What you should do: Lines below starting with the line with "RCAHMW colour oblique" and going on through the line with "Bolsa De Papel" must be output exactly; the rest of the records must be left out.

[Recorded data]

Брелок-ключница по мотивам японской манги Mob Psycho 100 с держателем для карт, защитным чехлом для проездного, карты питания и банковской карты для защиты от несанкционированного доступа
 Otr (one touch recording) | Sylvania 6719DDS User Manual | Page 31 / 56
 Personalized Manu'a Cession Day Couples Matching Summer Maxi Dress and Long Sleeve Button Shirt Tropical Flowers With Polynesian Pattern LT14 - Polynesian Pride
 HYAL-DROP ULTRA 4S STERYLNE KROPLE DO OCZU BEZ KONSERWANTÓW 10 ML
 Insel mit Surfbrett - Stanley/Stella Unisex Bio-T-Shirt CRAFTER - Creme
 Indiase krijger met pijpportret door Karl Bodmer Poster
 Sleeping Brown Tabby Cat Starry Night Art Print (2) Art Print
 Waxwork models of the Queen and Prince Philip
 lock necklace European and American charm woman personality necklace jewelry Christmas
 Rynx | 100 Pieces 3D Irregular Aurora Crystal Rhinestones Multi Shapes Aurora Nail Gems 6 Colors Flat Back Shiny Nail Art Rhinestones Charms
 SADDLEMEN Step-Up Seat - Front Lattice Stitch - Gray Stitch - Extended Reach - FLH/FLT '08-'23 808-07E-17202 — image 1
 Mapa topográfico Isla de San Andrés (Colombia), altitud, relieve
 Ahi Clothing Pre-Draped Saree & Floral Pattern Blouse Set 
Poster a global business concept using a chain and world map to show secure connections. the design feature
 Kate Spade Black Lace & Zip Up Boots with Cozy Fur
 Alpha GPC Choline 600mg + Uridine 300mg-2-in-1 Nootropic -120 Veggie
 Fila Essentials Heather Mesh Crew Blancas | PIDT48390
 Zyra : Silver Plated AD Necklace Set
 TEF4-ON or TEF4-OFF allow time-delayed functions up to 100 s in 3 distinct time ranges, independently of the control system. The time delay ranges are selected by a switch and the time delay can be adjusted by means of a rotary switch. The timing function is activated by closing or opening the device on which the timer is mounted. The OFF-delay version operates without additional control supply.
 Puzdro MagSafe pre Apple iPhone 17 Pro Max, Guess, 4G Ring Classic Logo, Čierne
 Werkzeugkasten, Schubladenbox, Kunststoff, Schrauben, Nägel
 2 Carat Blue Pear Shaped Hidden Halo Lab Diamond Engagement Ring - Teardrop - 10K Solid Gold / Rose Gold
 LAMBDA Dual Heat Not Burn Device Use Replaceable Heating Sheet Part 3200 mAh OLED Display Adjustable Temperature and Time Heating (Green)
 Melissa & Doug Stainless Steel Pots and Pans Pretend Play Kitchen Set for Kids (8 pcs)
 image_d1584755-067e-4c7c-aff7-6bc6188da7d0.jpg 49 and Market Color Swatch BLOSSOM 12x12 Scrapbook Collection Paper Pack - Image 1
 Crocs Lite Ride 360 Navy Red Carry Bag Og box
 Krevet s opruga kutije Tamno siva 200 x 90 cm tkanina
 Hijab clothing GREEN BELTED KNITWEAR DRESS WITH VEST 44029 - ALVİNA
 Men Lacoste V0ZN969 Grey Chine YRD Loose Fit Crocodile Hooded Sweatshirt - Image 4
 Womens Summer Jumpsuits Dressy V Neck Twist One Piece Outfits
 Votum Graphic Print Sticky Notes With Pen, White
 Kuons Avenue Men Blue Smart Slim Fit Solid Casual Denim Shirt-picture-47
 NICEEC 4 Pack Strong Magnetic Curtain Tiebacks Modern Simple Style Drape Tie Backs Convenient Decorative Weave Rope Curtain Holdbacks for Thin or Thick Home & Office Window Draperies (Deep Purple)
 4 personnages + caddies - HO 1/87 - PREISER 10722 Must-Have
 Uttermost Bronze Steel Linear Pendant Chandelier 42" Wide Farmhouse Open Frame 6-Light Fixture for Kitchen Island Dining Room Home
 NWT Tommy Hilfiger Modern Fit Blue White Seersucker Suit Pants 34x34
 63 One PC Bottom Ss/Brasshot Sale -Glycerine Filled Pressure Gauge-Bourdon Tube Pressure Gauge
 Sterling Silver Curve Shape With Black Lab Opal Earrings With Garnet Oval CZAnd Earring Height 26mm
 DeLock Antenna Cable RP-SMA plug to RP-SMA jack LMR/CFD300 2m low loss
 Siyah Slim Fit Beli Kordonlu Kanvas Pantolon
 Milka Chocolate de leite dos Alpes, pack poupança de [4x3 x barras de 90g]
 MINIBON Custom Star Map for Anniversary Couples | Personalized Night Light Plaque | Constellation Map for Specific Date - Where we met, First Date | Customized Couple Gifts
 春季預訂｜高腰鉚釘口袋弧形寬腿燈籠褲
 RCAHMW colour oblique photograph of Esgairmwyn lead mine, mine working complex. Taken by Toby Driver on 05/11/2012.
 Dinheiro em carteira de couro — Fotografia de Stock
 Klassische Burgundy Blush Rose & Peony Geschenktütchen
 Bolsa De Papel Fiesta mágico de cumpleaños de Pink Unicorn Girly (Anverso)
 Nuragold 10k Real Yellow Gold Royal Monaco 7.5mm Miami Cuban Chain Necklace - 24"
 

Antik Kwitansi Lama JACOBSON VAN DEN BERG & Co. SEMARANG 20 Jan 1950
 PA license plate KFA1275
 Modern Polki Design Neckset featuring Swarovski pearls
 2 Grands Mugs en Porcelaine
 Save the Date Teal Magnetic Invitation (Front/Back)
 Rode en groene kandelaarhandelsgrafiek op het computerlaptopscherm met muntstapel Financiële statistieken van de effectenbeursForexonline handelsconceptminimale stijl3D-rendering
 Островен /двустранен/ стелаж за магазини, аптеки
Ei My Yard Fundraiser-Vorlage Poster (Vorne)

Completed exercise:
 RCAHMW colour oblique photograph of Esgairmwyn lead mine, mine working complex. Taken by Toby Driver on 05/11/2012.
 Dinheiro em carteira de couro — Fotografia de Stock
 Klassische Burgundy Blush Rose & Peony Geschenktütchen
 Bolsa De Papel Fiesta mágico de cumpleaños de Pink Unicorn Girly (Anverso)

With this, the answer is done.